Most Say Cut Spending, but Exclude Defense

 

Most Americans support the idea of cutting federal spending across the board, but insist defense programs be kept off limits when trimming the government's budget, according to a new Washington Post/ABC News poll.

The survey of 1,017 conducted nationally Feb. 27 to March 3 found that 61 percent of respondents support a 5 percent, across-the-board spending reduction in domestic programs, but 60 percent oppose an 8 percent reduction in military spending.

The two reductions approximate the automatic spending cuts that began Saturday in domestic and defense programs brought on by the sequester, which encompasses $1.2 trillion of spending cuts over the next 10 years.

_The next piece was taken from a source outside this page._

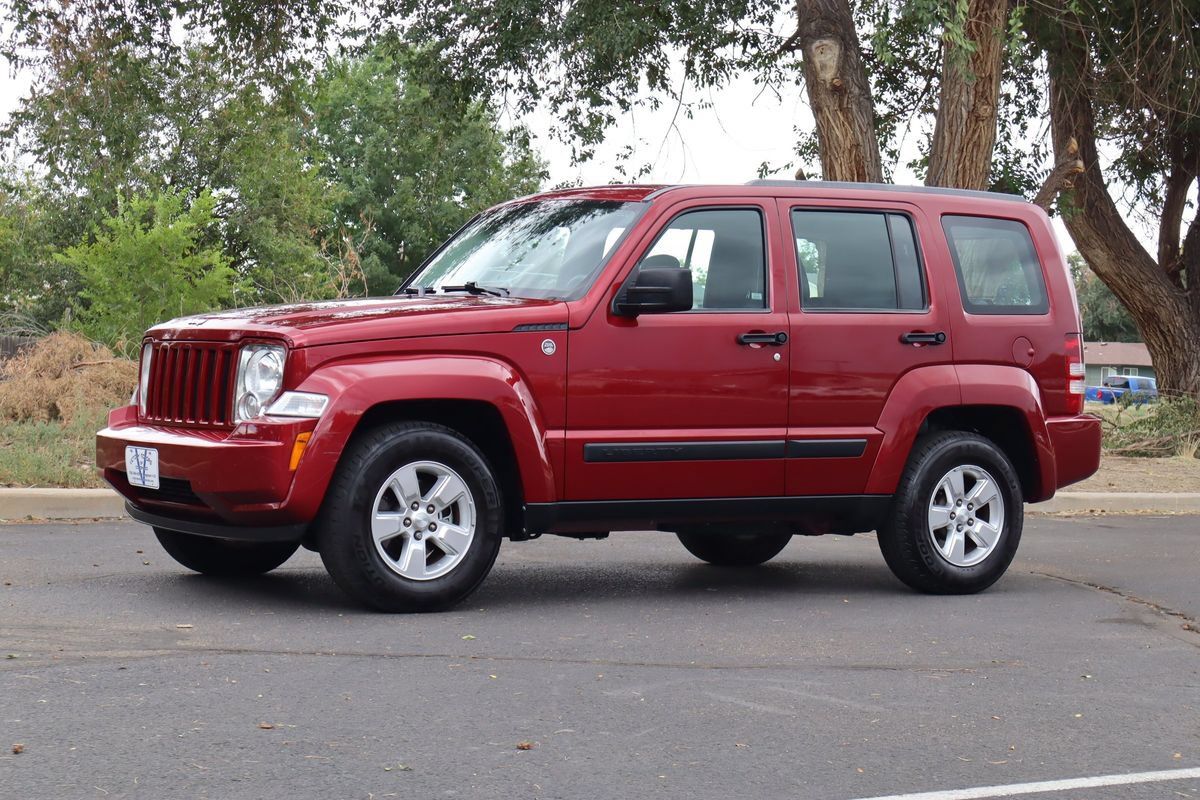 Used 2012 Jeep Liberty Sport w/ Driver Convenience Group AWD/4WD image 13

Among Republicans, the survey shows that 76 percent of respondents support the domestic cuts, while 73 percent oppose the military spending reductions. Among Democrats, 57 percent said they were supportive of slashing domestic programs and 48 percent said they were against cutting military spending.

Among those who identified themselves as Independents, 60 percent said they favored domestic cuts, while 63 percent said they were opposed to the military cutbacks.

“In short: the American public likes the idea of cutting federal spending. What they don’t like are actual cuts in federal spending,” Post reporter Jon Cohen wrote in analyzing the poll.

That attitude made the sequester inevitable, he says. “Without any clear signal from the public of how, specifically, it wants the cuts to happen, politicians did the easy thing: they let an across-the-board cut go into effect without having to vote (read: explain) on it.”